WHAT THE TASK ASKS:
All lines from the one containing "Ballerinas de cuero" through the end of the data below are to be repeated exactly, with pictures left out.

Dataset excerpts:
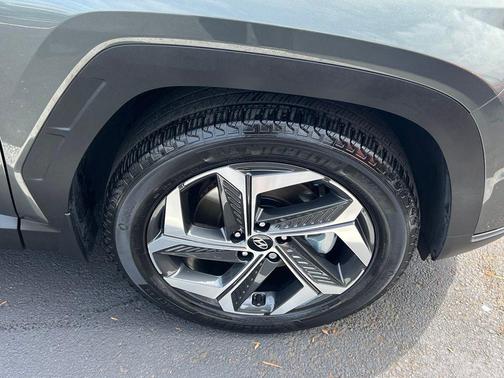 Amazon Gray 2022 Hyundai TUCSON Limited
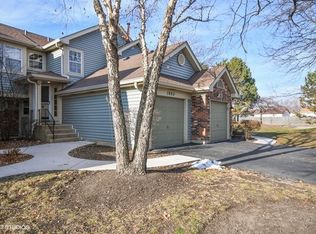 1053 Rockport Dr, Carol Stream, IL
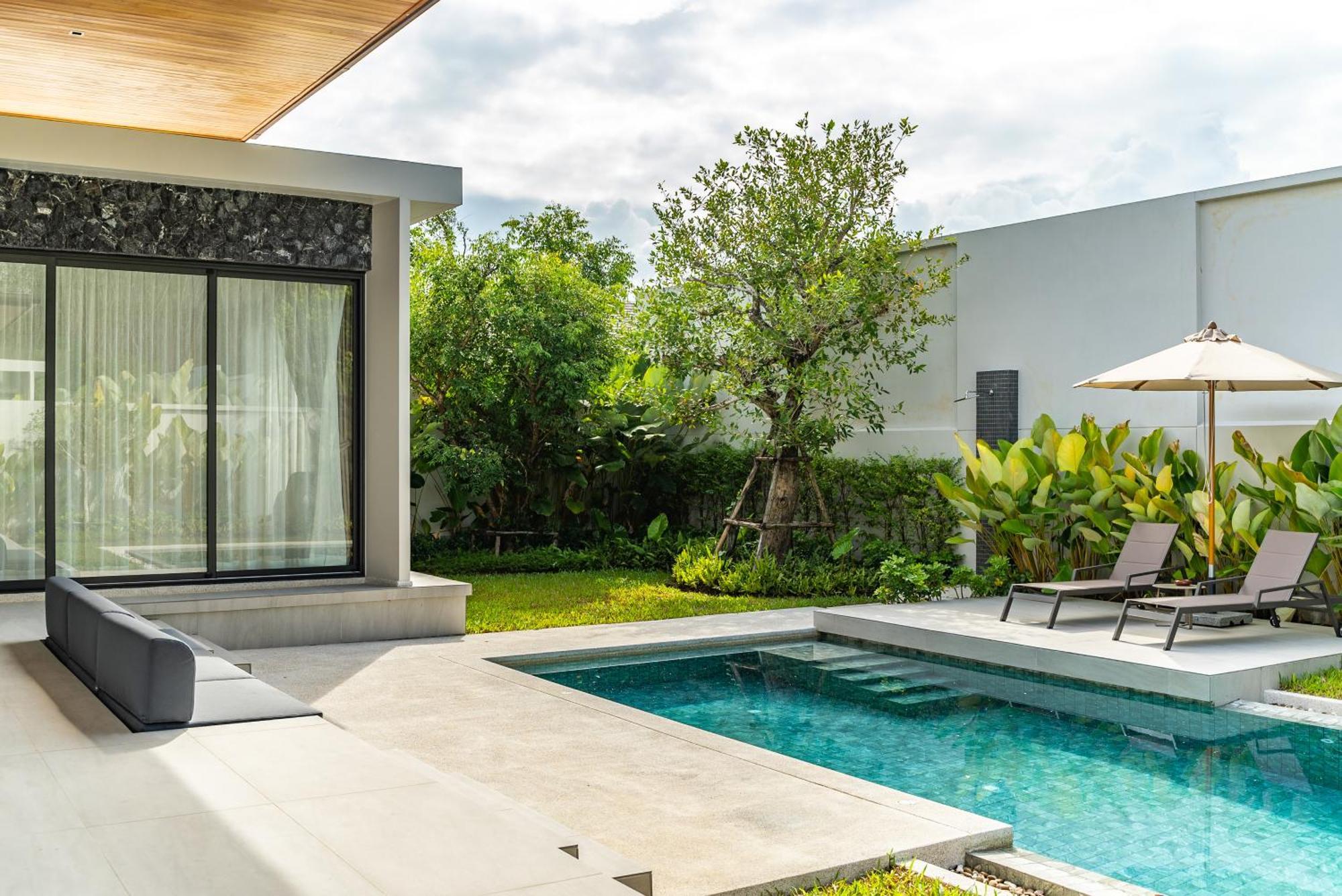 Botanica Modern Loft By Villacarte Villa *
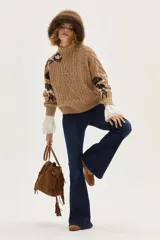 Ballerinas de cuero color camel con diseño de doble tira con hebillas metálicas y punta cuadrada.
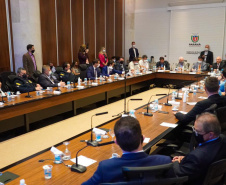 Deputados, prefeitos e lideranças do Sudoeste participaram de reunião sobre a revitalização da PRC-280 e a inclusão da rodovia no pacote de concessões do Governo Federal. O encontro contou com o vice-governador Darci Piana, o chefe da Casa Civil, Guto Silva; o secretário estadual de Infraestrutura e Logística, Sandro Alex, e o diretor-geral do DER-PR, Fernando Furiatti.  Foto: Guilherme Flores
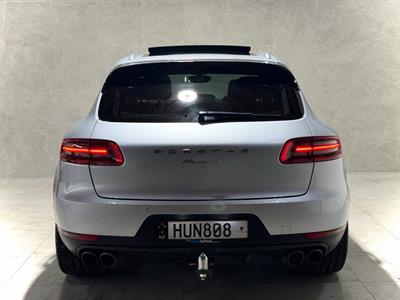 2014 Porsche Macan - Thumbnail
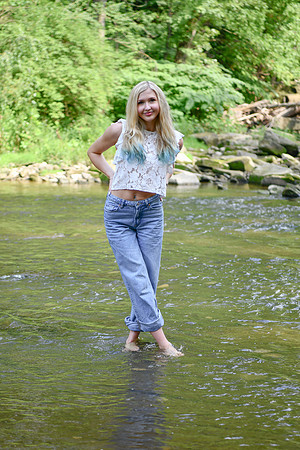 Gwen [MHS Senior] 101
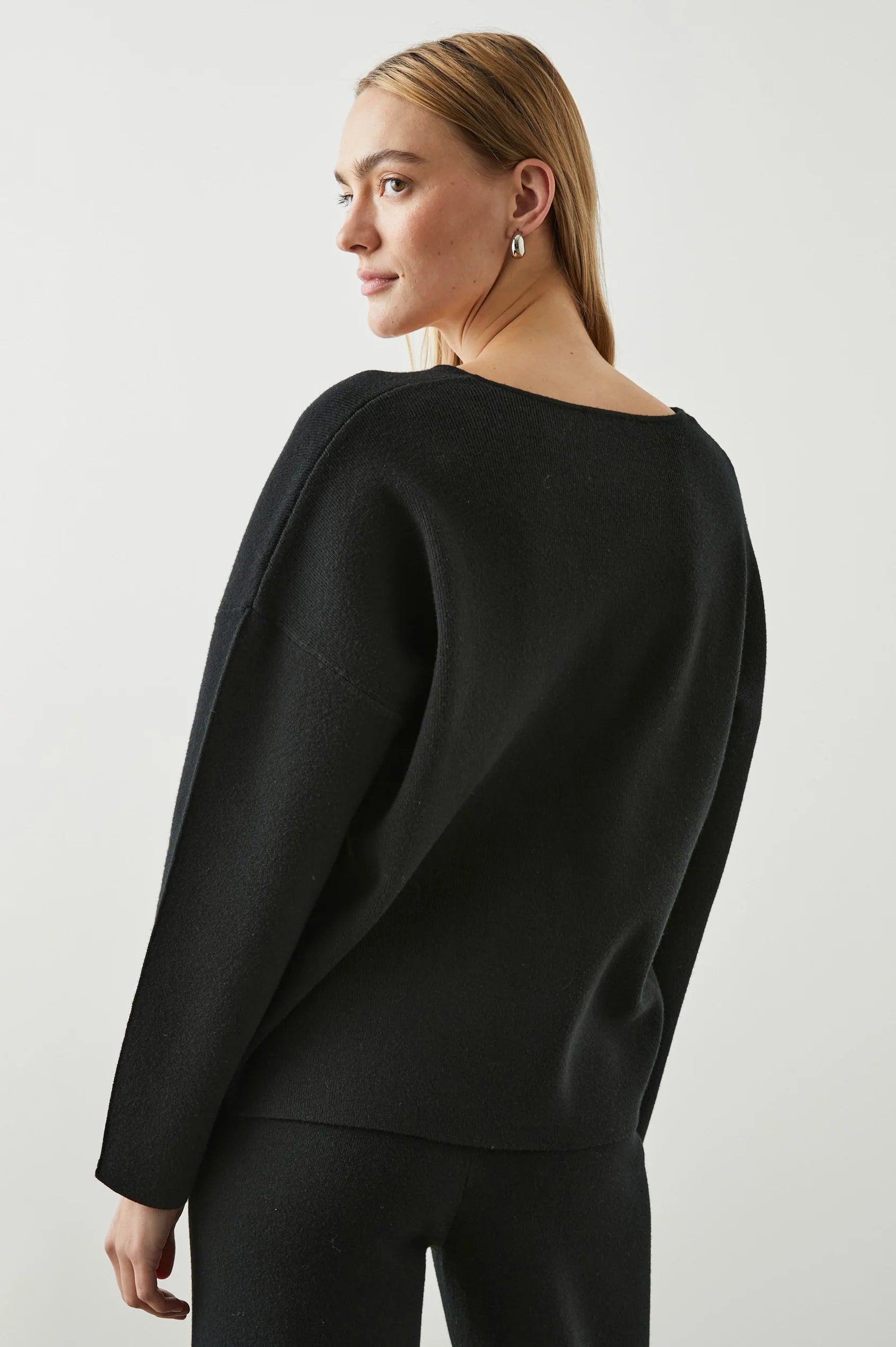 Heavyweight black jersey V neck jumper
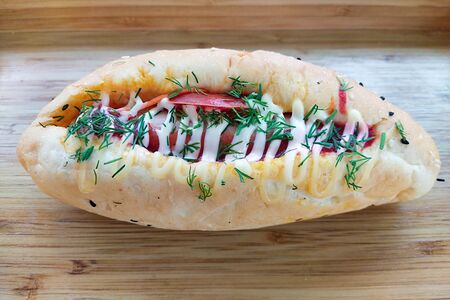 Хот-дог с сосиской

ANSWER AREA:
 Ballerinas de cuero color camel con diseño de doble tira con hebillas metálicas y punta cuadrada.
 Deputados, prefeitos e lideranças do Sudoeste participaram de reunião sobre a revitalização da PRC-280 e a inclusão da rodovia no pacote de concessões do Governo Federal. O encontro contou com o vice-governador Darci Piana, o chefe da Casa Civil, Guto Silva; o secretário estadual de Infraestrutura e Logística, Sandro Alex, e o diretor-geral do DER-PR, Fernando Furiatti.  Foto: Guilherme Flores
 2014 Porsche Macan - Thumbnail
 Gwen [MHS Senior] 101
 Heavyweight black jersey V neck jumper
 Хот-дог с сосиской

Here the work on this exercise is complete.